The dark katana arced back. Bright droplets red blood followed its wake. Hikaru watched as the blade drew high above him. This time, he knew there would be no intercepting blade. This time, he would be the one to sustain the blow.
"Who I am. What I am," he said, as the multiple paths diverged in his mind's eye. "I am Shindo Hikaru, Fujiwara no Sai no deishi."
He raised his sword, and opened his eyes. "I am Shindo Hikaru.

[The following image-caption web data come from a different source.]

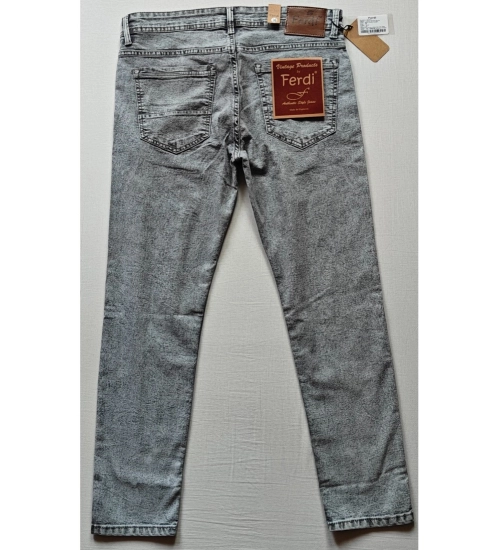 Men's Cotton Blended Solid Tapered Jeans (Grey)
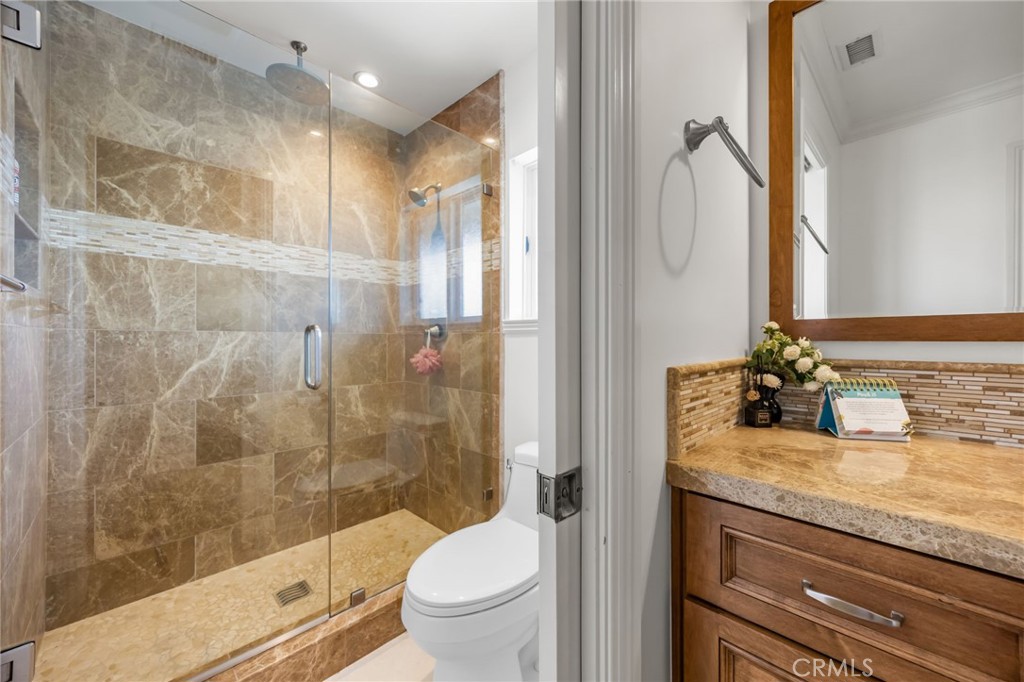 10062 Cynthia Property Photo 22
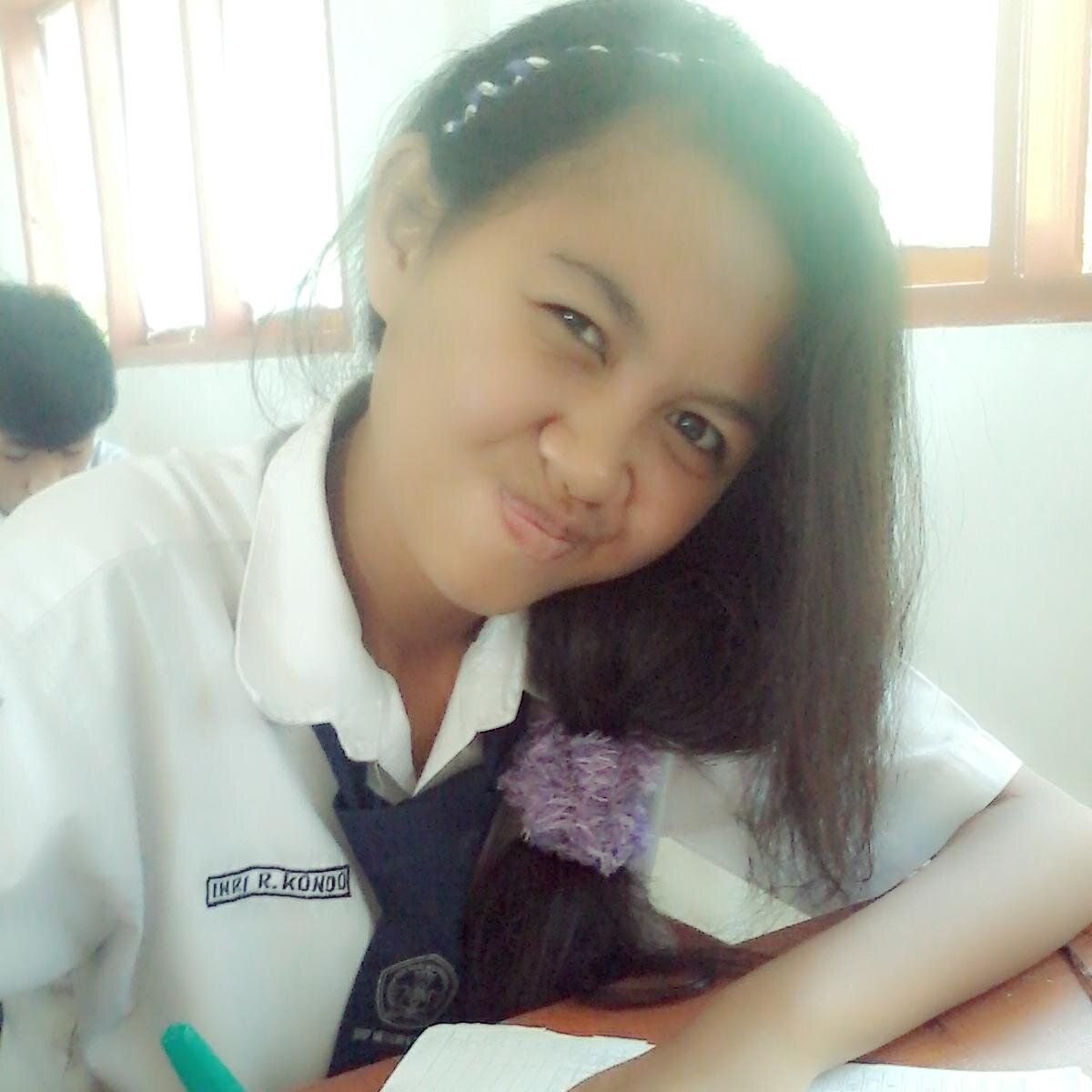 10 Februari :) SimpLe GirL (y)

And I can play the Devil's game."
He brought his own blade up, above his head ... please let this be the correct path ...
... only to let it fall heavily into the dust, leaving him unprotected.
The demon blade dropped down.
And was met, with a sharp clack, as Hikaru brought his last weapon forward in with a lightening quick flip, capturing the blade between the slats and twisting it away.
"I can play the Devil's game. But I won't."
Wood and paper snapped as the Demon Lord bore down. Splinter by splinter, the fan cracked; holding the edges was like grasping a piece of broken glass. Hikaru was amazed it had held so long.
Even if I'm going lose. Even if I'm going to die. Even if I've lost all our souls, I accept this route. I know this can't hold, that what we were doing couldn't hold.
Sai ... I can play the Devil's game, thanks to your teaching. But ... I won't. Because that's where we went wrong. That's what binds you to the goban. And ...
Shard by shard, the wood bit into his palms.
I know now. I know why the tears and blood trapped you. About the price of a thousand years and the search which has caused you so much pain.
We were wrong, Sai.
For it's not the game itself. That's not the best part. I know that now, I really know. And it's because of you that I have this most precious thing. For it's not the game, it's not about playing or not playing, gaining positions or losing them. It's not about winning or losing.
"Shindo-kun!"
"HIKARU!"
I think I know my answer. Because if I'm a tiger, then ...
Yes, I know my part of the blessing.
With a last, splintering crack, the fan sheared apart, and Hikaru gasped as agony seared through him. Was he literally being cut in half? Or was it just the game? Or ... both?
And my part of the curse.
"HIKARU!"
I am Shindo Hikaru, Fujiwara no Sai no deishi. And this is my game.
Onegaishimasu.
At least this time, the pain was brief, and he fell ...
Into darkness. Utter and complete darkness surrounds him, yet it scares him not. It is a good kind of darkness, a cleansing one, the kind of darkness that comes with healing rest, or the darkness that precedes the moment of birth and the moment after life. It is hard to think here, but it is not hard to feel. And he feels relief.
And he waits. He knows that something will be coming soon, and that something will be following. He waits. He hopes.
"You should be dead," a voice growls. He bows low in acknowledgment.
Thinking is hard here, but with a little effort, he finds he can think pretty well ... in fact, whole new levels of his mind are open to him here. Such a discovery should be disturbing, but it is not. The fact that he cannot remember his full name should bother him as well. But it does not.
"I think I am ... or at least on my way there, because this is where I went the last time you attacked me," he admits. "The first time I was on my way ... somewhere. Yes. I think I am dying."
This doesn't bother him either.
He does, however, try to hold onto what little he has left of his name, for it is important this time. A small part of him, still connected to the Hikaru-of-before wonders just who he is now. It isn't wholly himinstead, it's something beyond his current time, something old and young paradoxically. For the gates, once open, can swing more than one way at one time. But it doesn't matter.
It's not the point.
"You are foolish to take me to the one place I could not go. I can destroy you completely now."
"Maybe. But ... there is one thing."
"And what's that?"
"It's my move."
A glimmering starts, a pinpoint of light barely the size of a baby's fist.
And for the first time that night, Amatsu Mikaboshi, August star of the Heavens, Lord of Evil and Hell, looks truly disturbed. The ball of light expands outward, arching to form the familiar lines and crosslines of a goban. One by one, his stones appear, flaring as bright as newborn suns in the whirling eternity below them. By comparison, the Demon Lord's pieces lie dull and lifeless.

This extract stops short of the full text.